• _ABOUT THIS TASK_
Look in the listing below for the line that has "Brushed Nickel, variant", then return it and each following line up to and including the one with "هبوط أسعار الذهب", exactly and without pictures.

• _DATA LISTING_

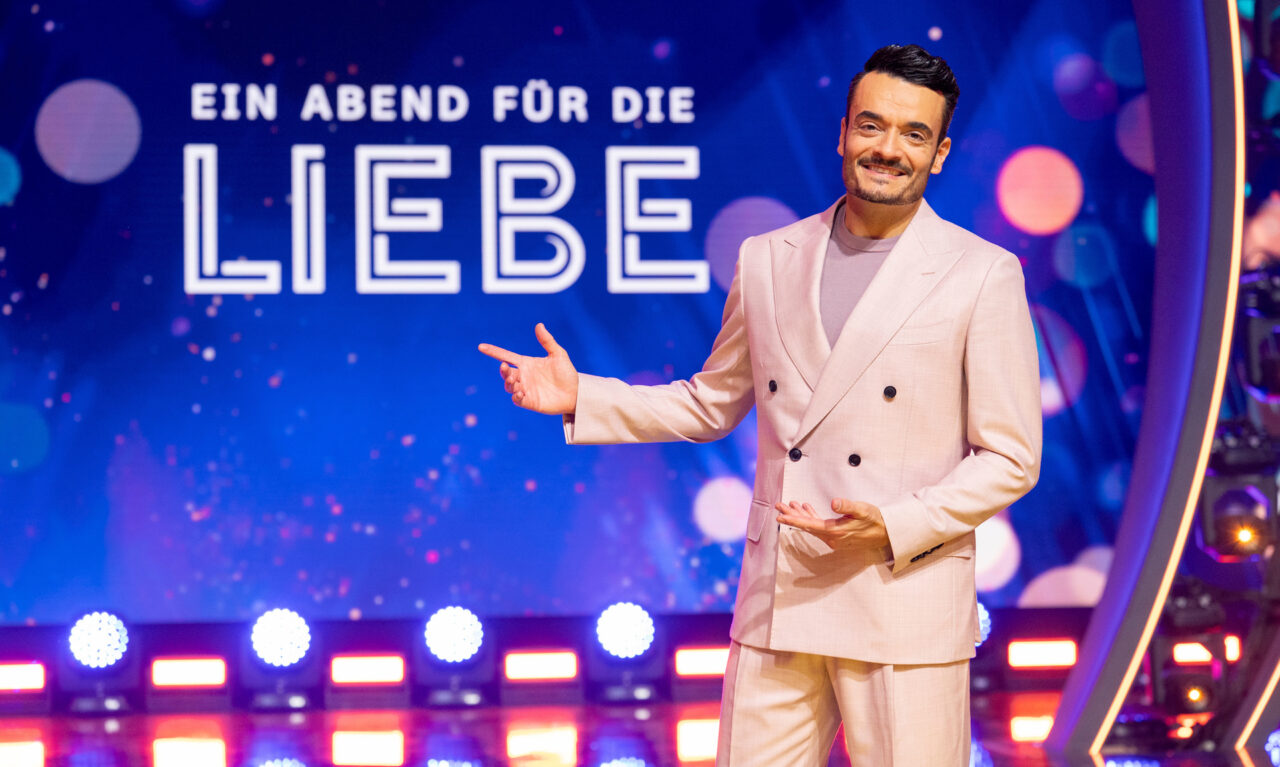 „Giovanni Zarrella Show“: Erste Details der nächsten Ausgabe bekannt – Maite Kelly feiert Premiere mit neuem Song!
---
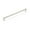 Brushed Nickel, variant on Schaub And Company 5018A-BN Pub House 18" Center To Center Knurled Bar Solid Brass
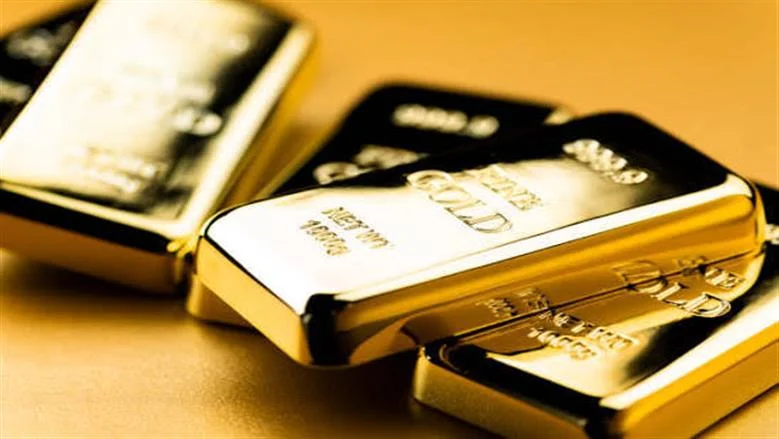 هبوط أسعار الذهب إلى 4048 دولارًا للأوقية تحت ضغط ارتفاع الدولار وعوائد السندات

• _OUTPUT FOR THIS EXERCISE_
 Brushed Nickel, variant on Schaub And Company 5018A-BN Pub House 18" Center To Center Knurled Bar Solid Brass
 هبوط أسعار الذهب إلى 4048 دولارًا للأوقية تحت ضغط ارتفاع الدولار وعوائد السندات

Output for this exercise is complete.